3A. For a charcoal grill: Open bottom vent completely. Light large chimney starter half filled with charcoal briquettes (3 quarts). When top coals are partially covered with ash, pour evenly over grill. Set cooking grate in place, cover, and open lid vent completely. Heat grill until hot, about 5 minutes.
3B. For a gas grill: Turn all burners to high, cover, and heat grill until hot, about 15 minutes. Turn all burners to medium-low. (Adjust burners as needed to maintain grill temperature around 350 degrees.)

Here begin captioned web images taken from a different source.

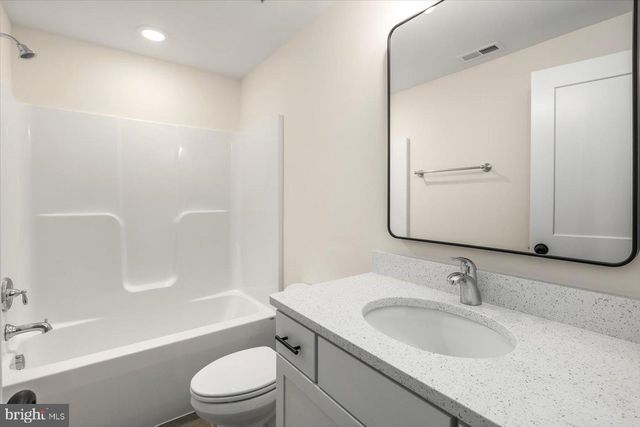 111 HUNTINGTON HILLS LN, Fredericksburg, VA 22401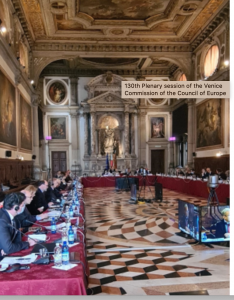 Feneyjanefnd fordæmir hernaðarofbeldi Rússa í Úkraínu.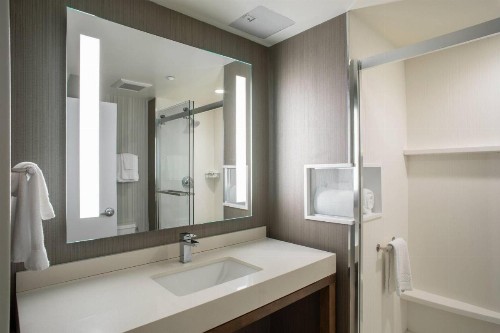 Courtyard by Marriott New York Queens/Fresh Meadows - image 23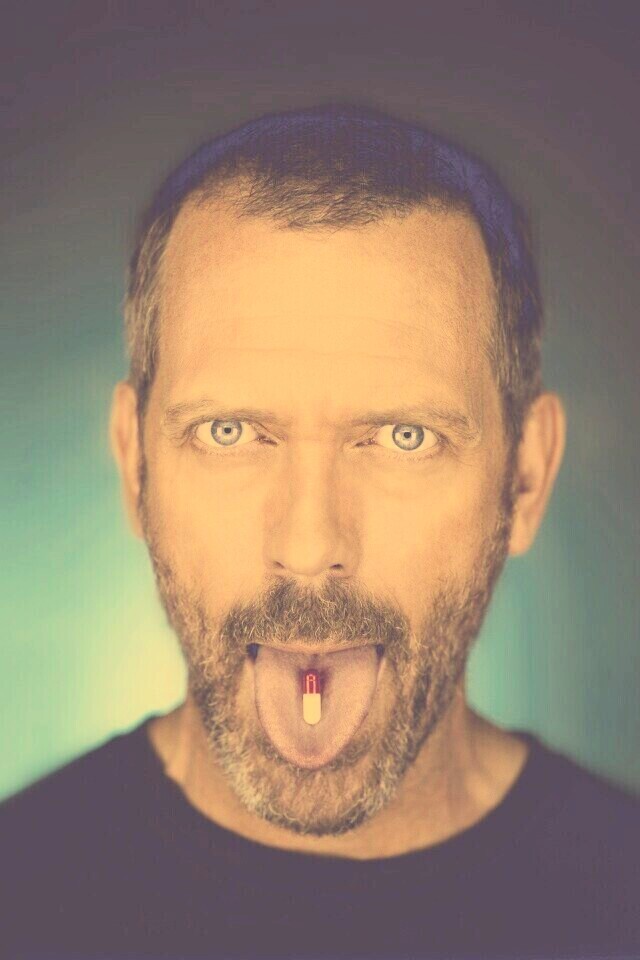 Доктор Хаус с таблеткой на языке обои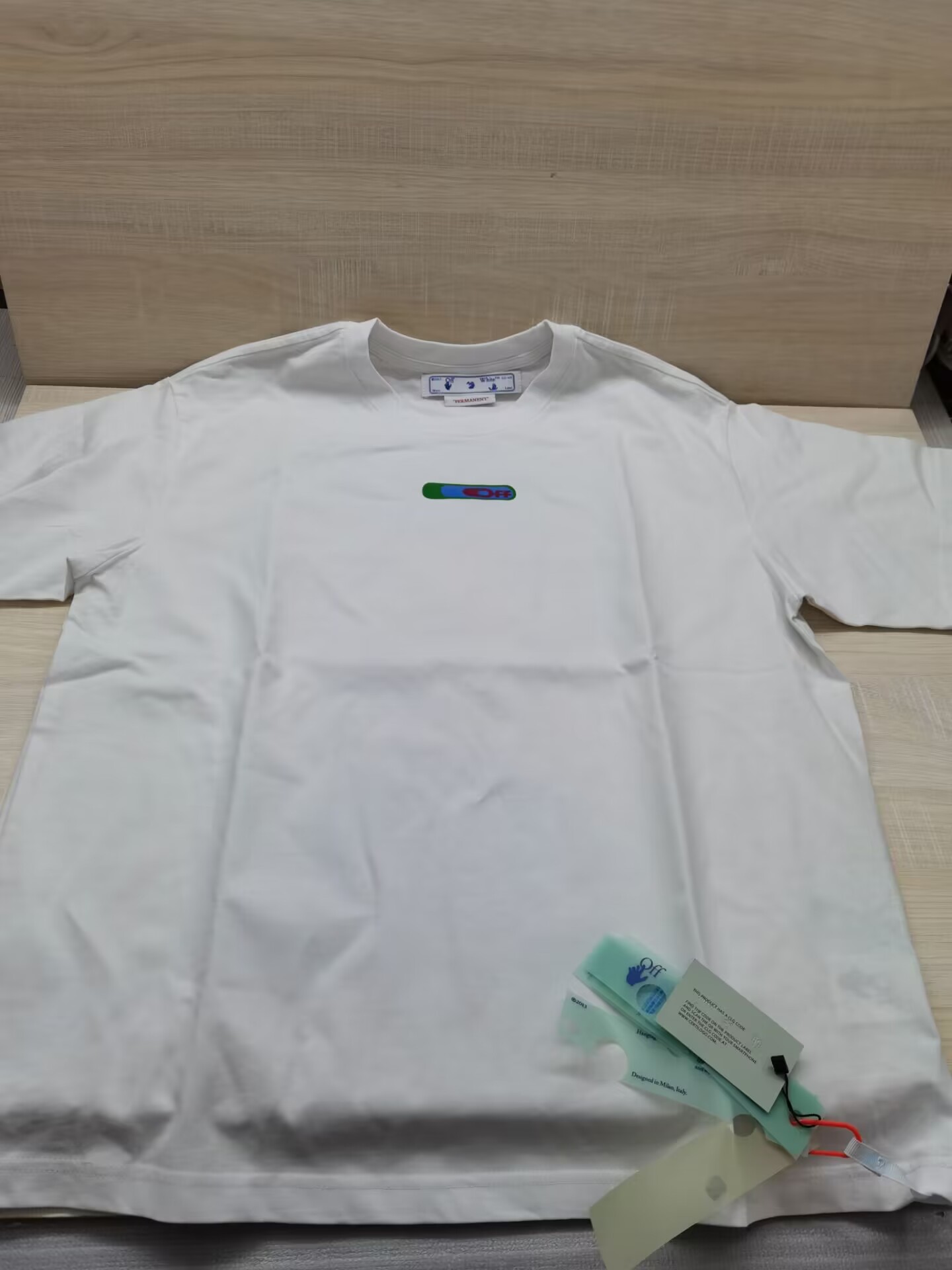 OFF-WHITE T-SHIRT P2000105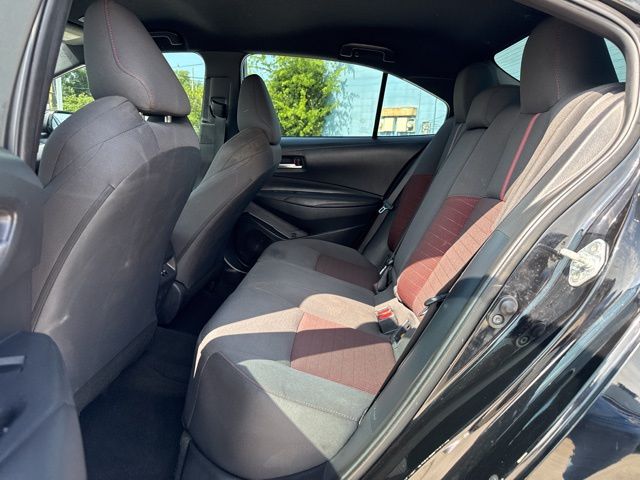 Vehicle image 13 of 33
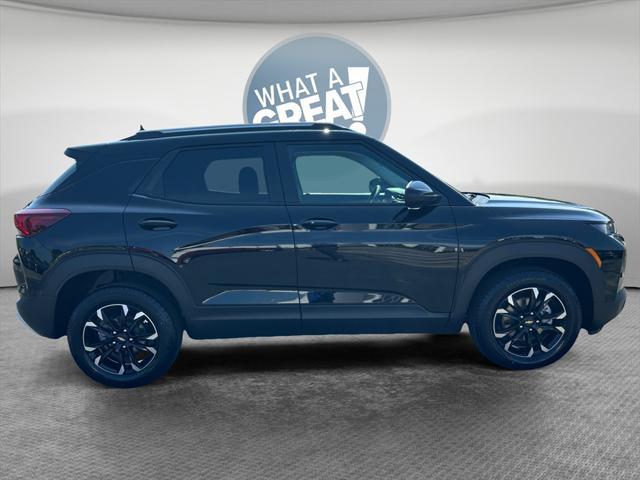Photo of 2022 Mosaic Black Metallic Chevrolet Trailblazer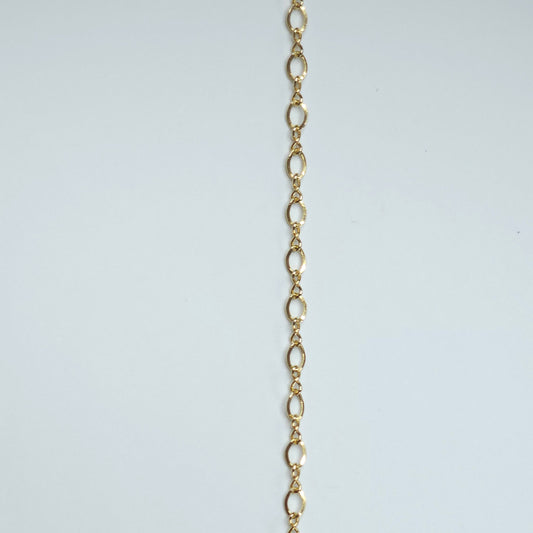 Gold-filled chain with 3x2mm petite marquise-shaped links that naturally create movement and shine. The flowing, almond-shaped pattern makes it a beautiful choice for anyone seeking soft yet meaningful permanent jewelry. Marquise-style links offer a soft, feminine flow — Intentionally Linked Jewelry is the best for permanent jewelry in Maryland.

4. Clean and oil cooking grate. Grill wings (covered if using gas), thicker skin side up, until browned on bottom, 12 to 15 minutes. Flip chicken and grill until skin is crisp and lightly charred and meat registers 180 degrees, about 10 minutes. Transfer chicken to platter, tent loosely with aluminum foil, and let rest for 5 to 10 minutes. Serve.
Notes from Source:
To get crisp, well-rendered chicken wings, we tossed the wings in cornstarch (and spices) and grilled them over a gentle medium-low heat. We began grilling with the thicker skin side facing up so that the fat could slowly render, and then we flipped the wings at the end of cooking to crisp the skin. Also, though we normally cook white chicken meat to 160 degrees, wings are chock-full of collagen, which begins to break down upwards of 170 degrees. Cooking the wings to 180 degrees produced meltingly tender wings that we couldn’t stop eating.
If you buy whole wings, cut them into 2 pieces before brining. Don’t brine the wings for more than 30 minutes or they’ll be too salty.